When the Emancipation Proclamation was signed less than 8 percent of the African-American population lived in the Northeast or Midwest. Even by 1900, approximately 90 percent of all African- Americans still resided in the South. However, migration from the South has long been a significant feature of black history. An early exodus from the South occurred between 1879 and 1881, when about 60,000 African-Americans moved into Kansas and others settled in the Oklahoma Indian Territories in search of social and economic freedom.

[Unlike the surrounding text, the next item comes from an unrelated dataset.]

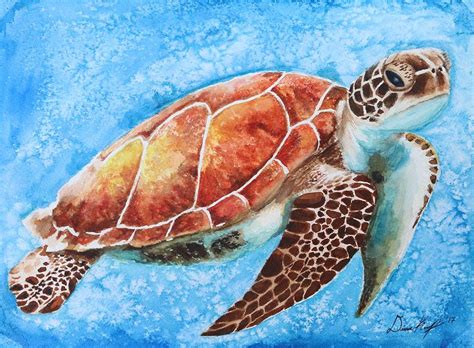 Sea Turtle Painting By Dionna Kemp Fine Art America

In the early decades of the twentieth century, movement of blacks to the North increased tremendously. The reasons for this "Great Migration," as it came to be called, are complex. Thousands of African-Americans left the South to escape sharecropping, worsening economic conditions, and the lynch mob. They sought higher wages, better homes, and political rights. Between 1940 and 1970 continued migration transformed the country's African-American population from a predominately southern, rural group to a northern, urban one.
The movement of African-Americans within the United States continues today. Further research in the Library's general and special collections could help assess how migration affected social and economic changes in individual cities, towns, neighborhoods, and even families.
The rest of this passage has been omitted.